:: Given entries ::
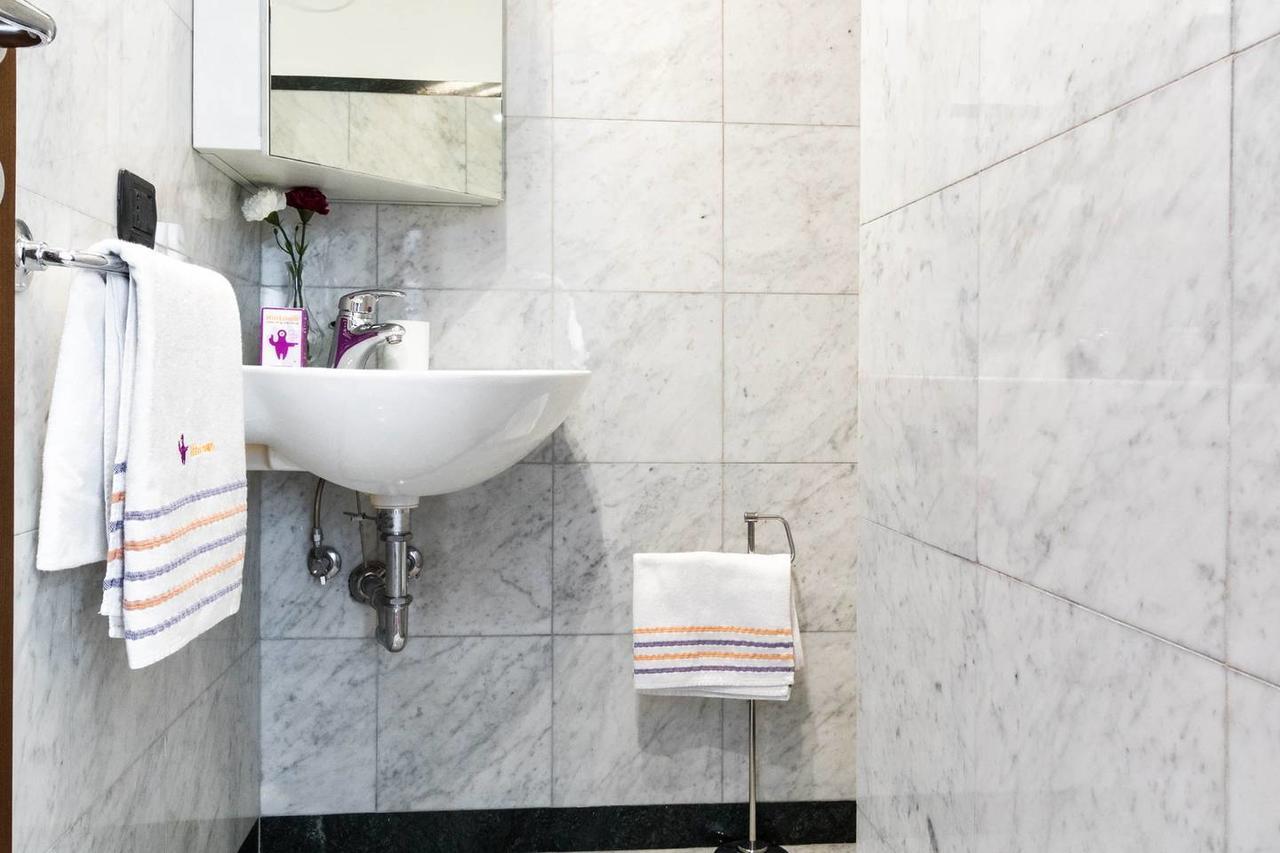 Apartment Hintown Duomo Via Baracchini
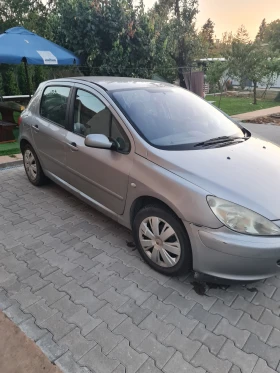 Peugeot 307, снимка 2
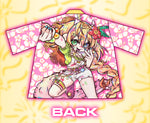 Load image into Gallery viewer, Pre-Order - ABRAGATOR HAPPI COAT
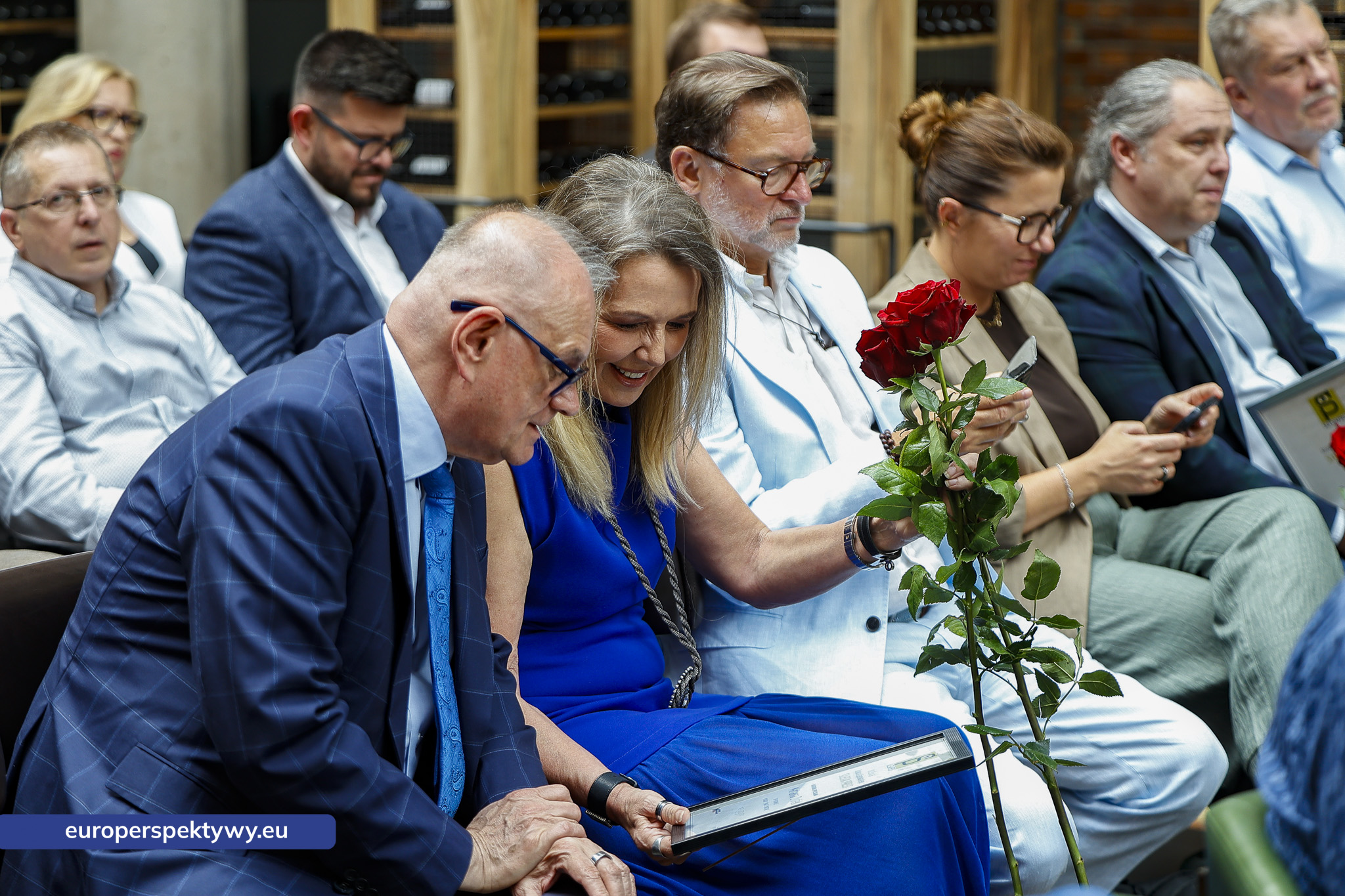 Europerspektywy Silesia Press 2026: najważniejsze nagrody dziennikarskie na Śląsku rozdane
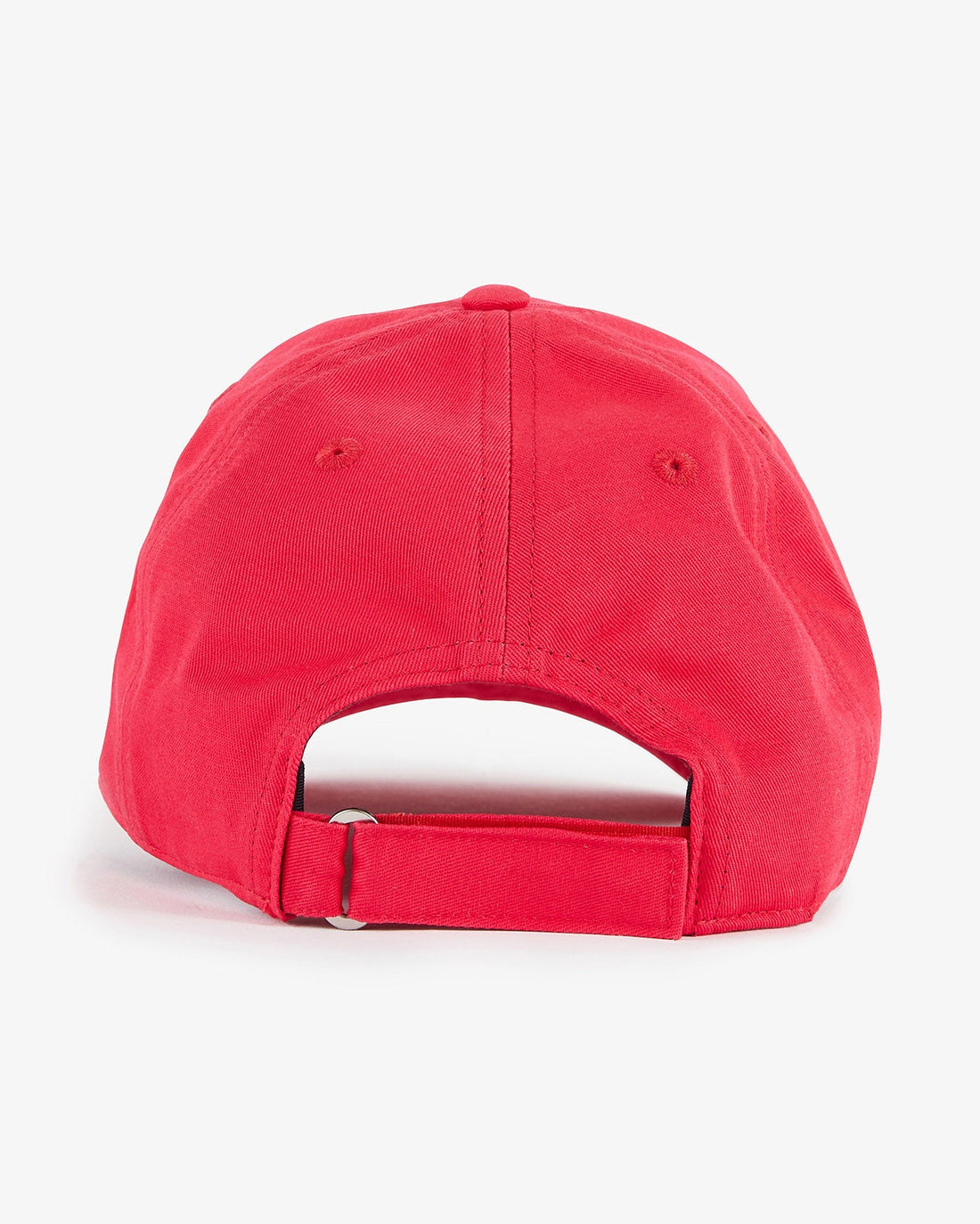 Red Casquette Eden Park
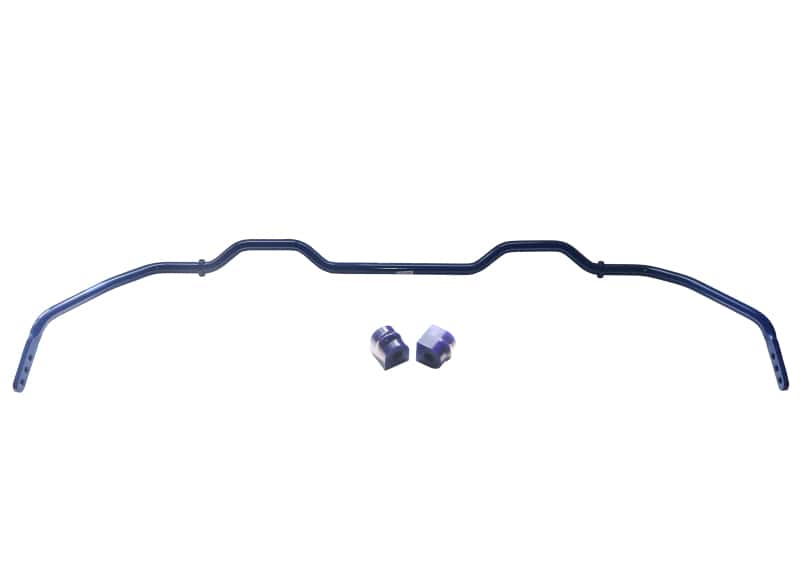 Superpro — SuperPro Tesla Model 3 20mm Rear Sway Bar
Sway Bar - view 4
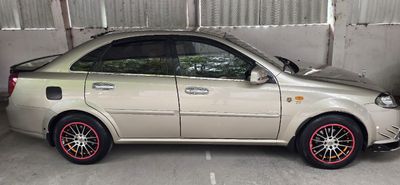 продам Lacetti (Gentra)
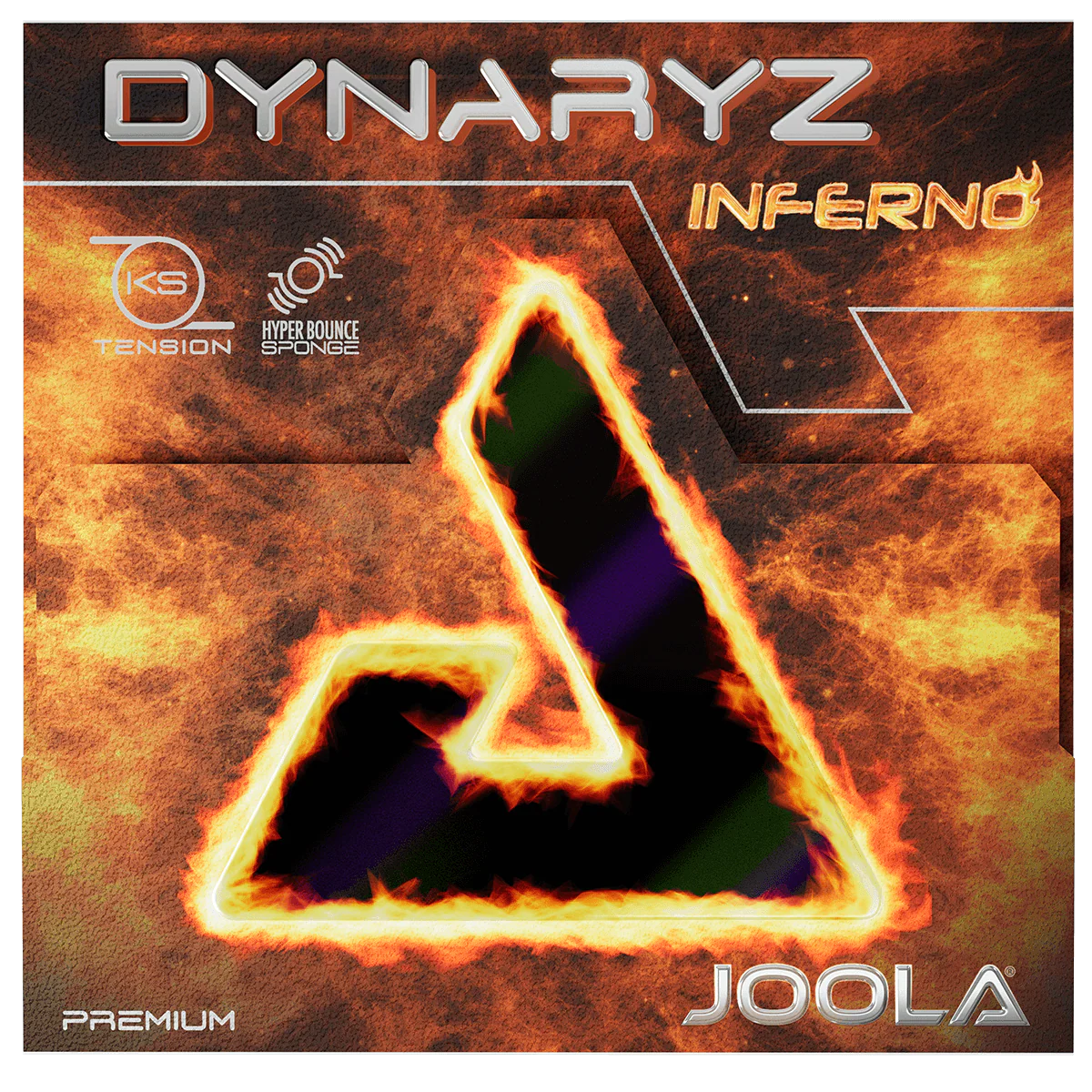 JOOLA DYNARYZ INFERNO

:: Task to carry out ::
Reproduce these records exactly, but not the pictures.

:: Expected answer ::
 Apartment Hintown Duomo Via Baracchini
 Peugeot 307, снимка 2
 Load image into Gallery viewer, Pre-Order - ABRAGATOR HAPPI COAT
 Europerspektywy Silesia Press 2026: najważniejsze nagrody dziennikarskie na Śląsku rozdane
 Red Casquette Eden Park
 Superpro — SuperPro Tesla Model 3 20mm Rear Sway Bar
Sway Bar - view 4
 продам Lacetti (Gentra)
 JOOLA DYNARYZ INFERNO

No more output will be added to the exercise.